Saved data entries
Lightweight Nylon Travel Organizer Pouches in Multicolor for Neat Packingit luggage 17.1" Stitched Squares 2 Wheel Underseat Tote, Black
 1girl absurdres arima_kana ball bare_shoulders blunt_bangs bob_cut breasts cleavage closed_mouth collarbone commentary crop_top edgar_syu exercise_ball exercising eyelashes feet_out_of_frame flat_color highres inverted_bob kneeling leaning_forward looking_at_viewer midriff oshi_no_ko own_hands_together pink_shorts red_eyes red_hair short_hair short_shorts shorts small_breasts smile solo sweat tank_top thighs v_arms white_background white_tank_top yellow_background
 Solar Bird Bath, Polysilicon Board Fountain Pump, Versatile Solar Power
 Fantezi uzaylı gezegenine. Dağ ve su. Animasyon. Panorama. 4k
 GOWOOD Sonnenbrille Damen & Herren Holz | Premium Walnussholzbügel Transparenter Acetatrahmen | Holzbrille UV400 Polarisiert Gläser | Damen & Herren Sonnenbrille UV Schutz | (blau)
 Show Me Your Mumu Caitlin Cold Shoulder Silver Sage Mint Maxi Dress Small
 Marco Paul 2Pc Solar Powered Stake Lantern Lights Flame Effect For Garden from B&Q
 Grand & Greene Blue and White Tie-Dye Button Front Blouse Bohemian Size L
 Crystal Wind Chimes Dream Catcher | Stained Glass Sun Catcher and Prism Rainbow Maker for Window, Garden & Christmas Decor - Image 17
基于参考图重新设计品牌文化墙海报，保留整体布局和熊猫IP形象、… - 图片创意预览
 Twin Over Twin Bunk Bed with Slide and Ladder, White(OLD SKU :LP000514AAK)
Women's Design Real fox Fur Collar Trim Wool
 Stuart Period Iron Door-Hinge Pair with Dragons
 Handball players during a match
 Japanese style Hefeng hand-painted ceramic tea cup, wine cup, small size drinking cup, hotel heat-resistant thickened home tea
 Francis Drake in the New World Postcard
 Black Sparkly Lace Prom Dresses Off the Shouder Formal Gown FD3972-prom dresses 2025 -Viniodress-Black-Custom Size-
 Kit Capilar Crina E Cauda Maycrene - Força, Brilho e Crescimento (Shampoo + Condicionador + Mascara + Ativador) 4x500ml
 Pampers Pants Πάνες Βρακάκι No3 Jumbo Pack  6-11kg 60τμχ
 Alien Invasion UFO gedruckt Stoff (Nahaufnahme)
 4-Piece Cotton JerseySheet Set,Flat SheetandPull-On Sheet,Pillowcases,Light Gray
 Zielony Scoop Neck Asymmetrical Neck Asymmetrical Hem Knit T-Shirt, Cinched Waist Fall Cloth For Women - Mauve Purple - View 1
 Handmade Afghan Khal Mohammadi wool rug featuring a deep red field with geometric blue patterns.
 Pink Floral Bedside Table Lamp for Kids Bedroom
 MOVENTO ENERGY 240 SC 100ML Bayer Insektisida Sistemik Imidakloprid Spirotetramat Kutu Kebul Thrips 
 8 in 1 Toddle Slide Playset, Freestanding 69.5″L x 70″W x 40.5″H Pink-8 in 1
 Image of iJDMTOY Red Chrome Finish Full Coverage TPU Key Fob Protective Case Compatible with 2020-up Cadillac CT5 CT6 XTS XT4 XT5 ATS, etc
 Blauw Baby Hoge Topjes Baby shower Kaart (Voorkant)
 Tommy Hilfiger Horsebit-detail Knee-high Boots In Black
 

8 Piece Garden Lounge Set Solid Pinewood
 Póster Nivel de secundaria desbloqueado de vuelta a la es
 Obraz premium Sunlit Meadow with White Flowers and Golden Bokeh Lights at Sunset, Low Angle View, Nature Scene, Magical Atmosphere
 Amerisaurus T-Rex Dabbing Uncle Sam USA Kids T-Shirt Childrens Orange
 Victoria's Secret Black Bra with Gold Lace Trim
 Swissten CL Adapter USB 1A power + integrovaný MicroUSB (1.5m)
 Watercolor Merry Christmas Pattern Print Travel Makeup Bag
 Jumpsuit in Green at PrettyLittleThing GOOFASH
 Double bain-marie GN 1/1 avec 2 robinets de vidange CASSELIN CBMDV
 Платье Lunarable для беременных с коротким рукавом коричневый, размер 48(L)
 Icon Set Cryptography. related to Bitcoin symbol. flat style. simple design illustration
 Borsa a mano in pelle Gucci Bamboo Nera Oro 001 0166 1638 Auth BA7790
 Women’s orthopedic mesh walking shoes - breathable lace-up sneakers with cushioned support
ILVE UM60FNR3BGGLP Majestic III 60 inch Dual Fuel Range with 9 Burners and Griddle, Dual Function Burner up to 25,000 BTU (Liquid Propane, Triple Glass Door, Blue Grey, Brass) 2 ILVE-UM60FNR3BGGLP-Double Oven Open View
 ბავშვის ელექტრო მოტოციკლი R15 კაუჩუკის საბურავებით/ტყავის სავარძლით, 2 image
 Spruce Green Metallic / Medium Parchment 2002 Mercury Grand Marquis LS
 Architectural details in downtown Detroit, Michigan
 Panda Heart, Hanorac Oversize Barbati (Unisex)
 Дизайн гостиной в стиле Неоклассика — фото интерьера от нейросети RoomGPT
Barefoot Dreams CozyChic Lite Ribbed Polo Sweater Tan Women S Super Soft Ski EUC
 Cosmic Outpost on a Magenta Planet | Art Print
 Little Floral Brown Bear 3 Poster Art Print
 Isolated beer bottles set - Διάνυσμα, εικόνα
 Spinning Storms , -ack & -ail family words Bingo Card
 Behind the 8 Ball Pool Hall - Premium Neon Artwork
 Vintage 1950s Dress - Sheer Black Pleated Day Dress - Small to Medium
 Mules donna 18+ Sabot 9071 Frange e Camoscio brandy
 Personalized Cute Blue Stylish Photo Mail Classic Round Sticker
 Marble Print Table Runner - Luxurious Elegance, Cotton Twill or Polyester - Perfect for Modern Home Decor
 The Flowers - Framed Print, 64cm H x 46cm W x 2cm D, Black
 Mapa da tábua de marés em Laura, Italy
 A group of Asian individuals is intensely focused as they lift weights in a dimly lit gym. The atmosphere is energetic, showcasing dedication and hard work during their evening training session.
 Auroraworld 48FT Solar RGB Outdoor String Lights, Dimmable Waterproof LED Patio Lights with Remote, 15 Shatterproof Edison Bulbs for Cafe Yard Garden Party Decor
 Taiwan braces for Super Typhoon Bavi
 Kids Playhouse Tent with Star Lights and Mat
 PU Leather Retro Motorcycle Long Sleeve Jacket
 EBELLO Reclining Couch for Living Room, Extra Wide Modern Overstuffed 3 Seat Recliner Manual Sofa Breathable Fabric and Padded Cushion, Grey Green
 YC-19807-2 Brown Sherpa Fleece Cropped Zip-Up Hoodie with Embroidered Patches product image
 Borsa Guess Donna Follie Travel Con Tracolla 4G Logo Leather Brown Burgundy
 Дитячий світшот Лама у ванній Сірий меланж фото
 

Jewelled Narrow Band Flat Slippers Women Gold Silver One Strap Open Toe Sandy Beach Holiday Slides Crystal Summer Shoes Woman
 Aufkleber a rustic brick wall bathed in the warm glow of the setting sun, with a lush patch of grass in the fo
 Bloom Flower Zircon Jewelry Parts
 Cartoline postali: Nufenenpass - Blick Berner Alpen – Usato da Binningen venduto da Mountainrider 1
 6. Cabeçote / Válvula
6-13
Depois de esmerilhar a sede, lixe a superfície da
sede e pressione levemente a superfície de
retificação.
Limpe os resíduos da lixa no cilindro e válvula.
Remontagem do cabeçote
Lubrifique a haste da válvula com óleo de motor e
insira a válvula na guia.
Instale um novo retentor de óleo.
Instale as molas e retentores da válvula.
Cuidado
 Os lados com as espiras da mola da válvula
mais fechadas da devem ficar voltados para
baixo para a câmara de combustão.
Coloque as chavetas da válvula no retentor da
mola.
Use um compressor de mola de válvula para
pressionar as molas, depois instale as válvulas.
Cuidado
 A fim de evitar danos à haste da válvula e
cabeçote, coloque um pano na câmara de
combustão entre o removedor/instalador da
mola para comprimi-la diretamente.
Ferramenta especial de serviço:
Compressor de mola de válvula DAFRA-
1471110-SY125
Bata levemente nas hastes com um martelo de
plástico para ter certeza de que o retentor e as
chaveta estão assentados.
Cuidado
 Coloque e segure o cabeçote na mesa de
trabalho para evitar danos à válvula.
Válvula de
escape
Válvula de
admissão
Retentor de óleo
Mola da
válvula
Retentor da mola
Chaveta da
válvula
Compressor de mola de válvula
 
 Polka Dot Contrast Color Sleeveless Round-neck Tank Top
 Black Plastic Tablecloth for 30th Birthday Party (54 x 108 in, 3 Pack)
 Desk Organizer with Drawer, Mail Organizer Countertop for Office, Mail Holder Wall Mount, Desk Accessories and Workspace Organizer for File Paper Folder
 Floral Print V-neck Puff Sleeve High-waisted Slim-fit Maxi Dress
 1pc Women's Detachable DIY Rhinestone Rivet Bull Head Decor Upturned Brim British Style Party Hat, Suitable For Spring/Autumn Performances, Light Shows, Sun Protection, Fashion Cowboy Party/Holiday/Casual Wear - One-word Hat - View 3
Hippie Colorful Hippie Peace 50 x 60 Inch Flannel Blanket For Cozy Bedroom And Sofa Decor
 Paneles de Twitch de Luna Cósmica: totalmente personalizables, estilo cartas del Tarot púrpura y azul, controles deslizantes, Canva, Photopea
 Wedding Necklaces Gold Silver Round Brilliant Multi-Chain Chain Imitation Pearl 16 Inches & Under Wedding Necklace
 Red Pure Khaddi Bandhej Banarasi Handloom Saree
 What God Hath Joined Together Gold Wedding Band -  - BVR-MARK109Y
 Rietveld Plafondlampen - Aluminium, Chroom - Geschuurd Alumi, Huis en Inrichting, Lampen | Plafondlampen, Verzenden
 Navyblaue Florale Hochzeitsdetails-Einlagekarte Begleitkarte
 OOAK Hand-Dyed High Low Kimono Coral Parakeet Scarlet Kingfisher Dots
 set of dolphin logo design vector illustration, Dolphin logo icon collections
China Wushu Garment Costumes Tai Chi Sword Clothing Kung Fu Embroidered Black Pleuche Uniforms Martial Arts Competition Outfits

What to work on - Take exactly the lines from the one containing "Polka Dot Contrast" through the one containing "Paneles de Twitch" in the data above, and output them with nothing added.

Answer below -
 Polka Dot Contrast Color Sleeveless Round-neck Tank Top
 Black Plastic Tablecloth for 30th Birthday Party (54 x 108 in, 3 Pack)
 Desk Organizer with Drawer, Mail Organizer Countertop for Office, Mail Holder Wall Mount, Desk Accessories and Workspace Organizer for File Paper Folder
 Floral Print V-neck Puff Sleeve High-waisted Slim-fit Maxi Dress
 1pc Women's Detachable DIY Rhinestone Rivet Bull Head Decor Upturned Brim British Style Party Hat, Suitable For Spring/Autumn Performances, Light Shows, Sun Protection, Fashion Cowboy Party/Holiday/Casual Wear - One-word Hat - View 3
Hippie Colorful Hippie Peace 50 x 60 Inch Flannel Blanket For Cozy Bedroom And Sofa Decor
 Paneles de Twitch de Luna Cósmica: totalmente personalizables, estilo cartas del Tarot púrpura y azul, controles deslizantes, Canva, Photopea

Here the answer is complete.